「おつかれ、今日の私。」vol.19
東京生まれの日本人。
現在、TBSラジオ「ジェーン・スー 生活は踊る」のMCを務める人気コラムニストで作詞家、プロデューサーのジェーン・スーが、毎日を過ごす女性たちに向けて書き下ろすエッセイです。
おつかれ、今日の私。 vol.19
あなたにとって、「料理は……」のあとに続く言葉は? 好き、嫌い。得意、苦手。毎日する、たまにする。私の場合は「したいときにする、好きでも嫌いでも、得意でも苦手でもない行為」だ。
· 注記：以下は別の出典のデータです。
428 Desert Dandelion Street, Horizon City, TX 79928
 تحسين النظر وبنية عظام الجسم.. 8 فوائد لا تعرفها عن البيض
料理には頭を使う。同じ素材でも、切り方や調理方法、調味料でガラッと見た目や味や食感が変わるから。シイタケと豚バラと木綿豆腐が冷蔵庫にあったとして、洋風にするか中華風にするか、はたまた和風かエスニックか、料理人によって仕上がりは千差万別だろう。主菜にする? 副菜にする? スープという可能性も。栄養を考えると、ほかになにを足したらいいだろう。毎日家族のために食事を作っている人には本当に頭が下がる。
炊事と掃除と洗濯は家事の三大巨頭だが、掃除や洗濯でここまでのクリエイティビティを、一日に最高3回という高頻度で求められることはない。加えて、料理は予算を考慮した買い物や、片づけまでが範疇だ。本来なら人ひとり雇ったほうがいいくらい。それでも家族の好みに合わせて工夫を重ねる人が少なからずいるのだから、できる限り交代制にしたほうが公平なのではないかと思う。大人が2人以上いる場合に限っての話だけれど。
さて、ひとり暮らしの私がシイタケと豚バラと木綿豆腐を目の前にしたら、迷いなく豚バラをフライパンにぶちまけ、シイタケと豆腐を入れて塩で炒めて胡椒を掛ける。気が向いたら、お湯を足してスープにするだろう。私は炒め物と、炒め物ベースのスープが大好きだ。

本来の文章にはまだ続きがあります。